Particular care will need to be taken if the trust falls into any of the categories listed below, and the trustees should consider taking professional advice before certain transactions are undertaken:

Trust is protected

  • Particular care will need to be taken when considering making distributions, not only to the settlor but to his spouse or minor child. This could result in loss of protection and give rise to income tax and capital gains tax liabilities for the settlor.
  • Similarly, trustees should seek advice before accepting additions to a protected trust.

Settlor was born in the UK with a UK domicile of origin (formerly domiciled resident settlors)

  • If the settlor returns to the UK, and once the grace period has expired, trustees will potentially have IHT charges and filing obligations at each ten year anniversary of the creation of the trust, and at any time that property exits the trust.
  • From the date the settlor becomes UK resident, he will be taxable on income and gains arising within the trust if he retains an interest in the trust. Trustees will need to keep records of such income and gains to provide to the settlor for inclusion on his UK tax returns.
  • Where the trust is settlor interested, the assets of the trust will be deemed to fall into the settlor’s estate on death under the Gift with Reservation of Benefit provisions. Trustees will need to provide asset valuations to the deceased’s Personal Representatives.

UK Residential Property held in Trust

  • The shares of an offshore company holding UK residential property will become relevant property for IHT purposes and subject to UK IHT charges. Trustees may be liable for IHT on the occasion of each ten year anniversary, and when property exits the trust. Trustees will need to ensure they meet their compliance and filing obligations.


It is essential that trustees familiarise themselves with the new rules, to understand where the potential pitfalls lie and so that they can take appropriate action or professional advice where necessary.

Trustees will need to ensure procedures are in place to keep track of the residence and domicile status of settlors and beneficiaries, and understand the effect that any changes to the settlor’s residence or domicile status may have on their own UK tax and reporting obligations.

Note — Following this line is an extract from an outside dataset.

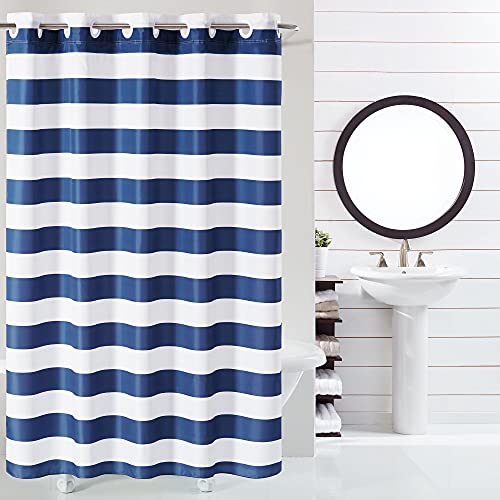 Hookless It's A Snap! Cabana Stripe Shower Curtain, 3-in-1 Shower Curtain Includes Shower Curtain with Flex-On Rings & PEVA Liner, 71" x 74", Navy - Image 1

In particular, it will be important for trustees to identify settlors born in the UK with a UK domicile of origin, and any new IHT liabilities and reporting obligations that may arise from 6 April 2017 where UK residential property is held through an offshore company or other similar vehicle.

All existing trusts settled by individuals who will become deemed domicile at 6 April 2017 (whether under the 15 out of 20 year rule, or by virtue of being born in the UK with a UK domiciled of origin) should be reviewed and professional advice sought where relevant.